El dandismo, el dandismo de raíz wilderiana, porque otro no hay, es la cualidad intelectual y vital más cultivada por Luis Antonio de Villena. A esta pose, en el buen sentido de la palabra, hay que añadir el elogio constante de la tentación -siempre literaria- del fracaso (Fitzgerald, Cioran, Fondane), su labrado perfil de mitómano confeso (del cine a la publicidad haciendo escala en selectas islas del Egeo) y su exquisito tino como crítico.

Nostálgico profesional, que añora el presente más que el propio pasado (lean Ante el espejo, los recuerdos de su niñez: «Eterno verano de la mente, que nunca llega, mientras el real, el de siempre, se desvanece año tras año en la imposibilidad y en el humo»), la poesía de De Villena es belleza y provocación, frivolidad y hondura, un tira y afloja entre lo inevitablemente sagrado (el cuerpo) y lo catastróficamente profano (su corrupción).

Seleccionado y comentado por Nacho Segurado.



‘A un olmo seco’, de Antonio Machado

Al olmo viejo, hendido por el rayo

y en su mitad podrido,

con las lluvias de abril y el sol de mayo

algunas hojas verdes le han salido.

¡El olmo centenario en la colina

que lame el Duero! Un musgo amarillento

le mancha la corteza blanquecina

al tronco carcomido y polvoriento.

No será, cual los álamos cantores

que guardan el camino y la ribera,

habitado de pardos ruiseñores.

Ejército de hormigas en hilera

va trepando por él, y en sus entrañas

urden sus telas grises las arañas.

Antes que te derribe, olmo del Duero,

con su hacha el leñador, y el carpintero

te convierta en melena de campana,

lanza de carro o yugo de carreta;

antes que rojo en el hogar, mañana,

ardas en alguna mísera caseta,

al borde de un camino;

antes que te descuaje un torbellino

y tronche el soplo de las sierras blancas;

antes que el río hasta la mar te empuje

por valles y barrancas,

olmo, quiero anotar en mi cartera

la gracia de tu rama verdecida.

Mi corazón espera

también, hacia la luz y hacia la vida,

otro milagro de la primavera.

No he visto mejor canto vital a la esperanza y al optimismo que el que subyace en este poema de don Antonio Machado.

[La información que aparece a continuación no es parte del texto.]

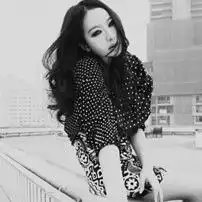 白色系头像女生高级感女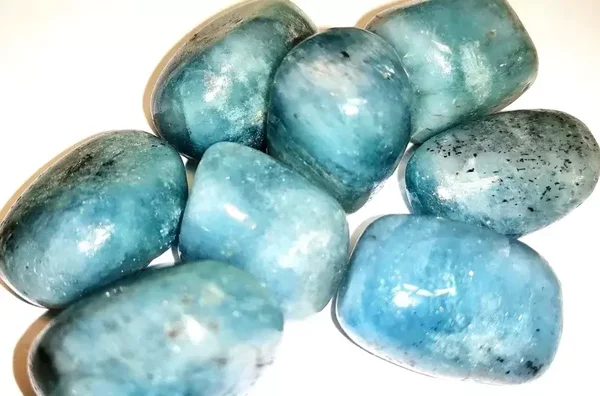 AIGUE MARINE Pierre roulée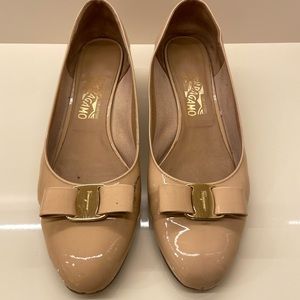 Salvatore ferragamo vara pump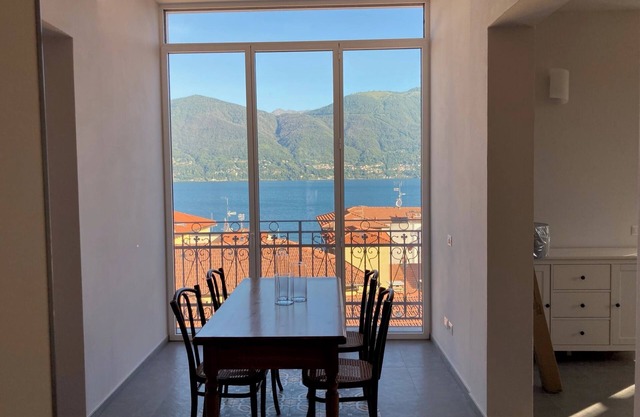 Charming 2-bedroom apartment in historic village center with stunning views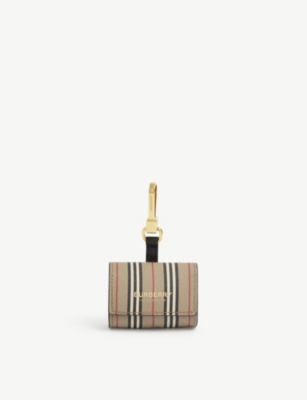airpods pro burberry case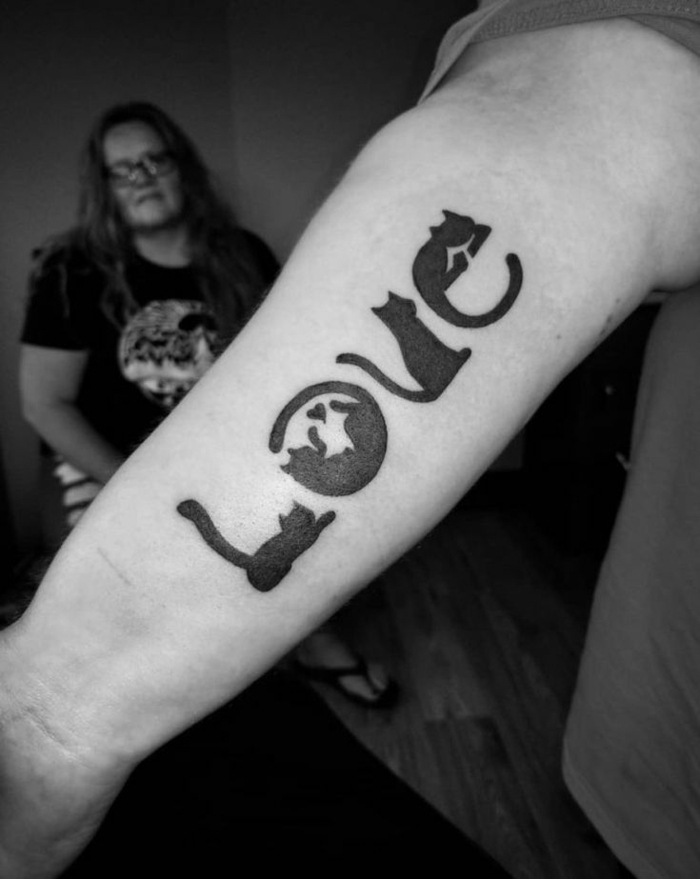 interesantes propuestas de tatuajes con letras, tattoo en el brazo con gatos, fotos de tatuajes en la muñeca y brazo 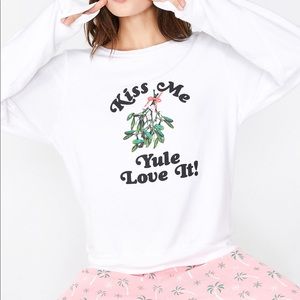 NWT Wildfox Kiss Me Yule Love It Sweatshirt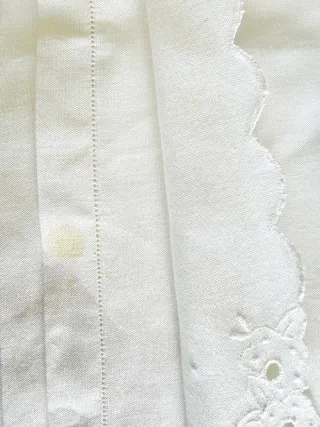 Completo letto matrimoniale ricamato a mano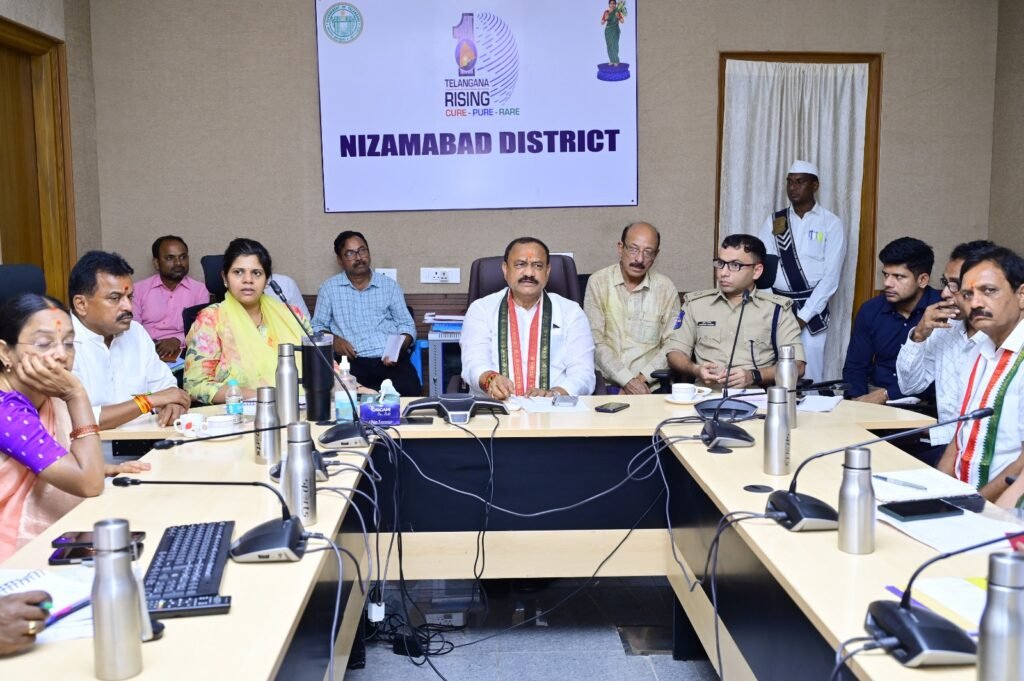 నగర అభివృద్ధిపై ప్రత్యేక దృష్టిని కేంద్రీకరించాలి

La esencia está concentrada en este simple verso:

«…algunas hojas verdes le han salido».

Cada vez que me enfrento a este poema tan balsámico -y tan recomendable en tiempos de crisis- recuerdo una anédota que me contó mi hermana Isabel cuando era maestra de secundaria.

Tenía un alumno adolescente con muchos problemas (además de los propios de su edad, que no son pocos). Se sentía despreciado por su familia, por sus profesores, por sus compañeros. Estaba destrozado y deprimido. En una tutoría, mi hermana le alargó un folio con este poema y le pidió que lo leyera en silencio.

Cuando el niño (un olmo aún joven) llegó a estos versos finales:

Mi corazón espera

también, hacia la luz y hacia la vida,

otro milagro de la primavera.

se le saltaron las lágrimas.

Más tarde, le dijo a mi hermana que ese poema «A un olmo seco» le había cambiado su vida. El milagro machadiano se produjo, y aquel chico es hoy lo que se dice un hombre de provecho.

¡Para que luego digan que la poesía no hace milagros!.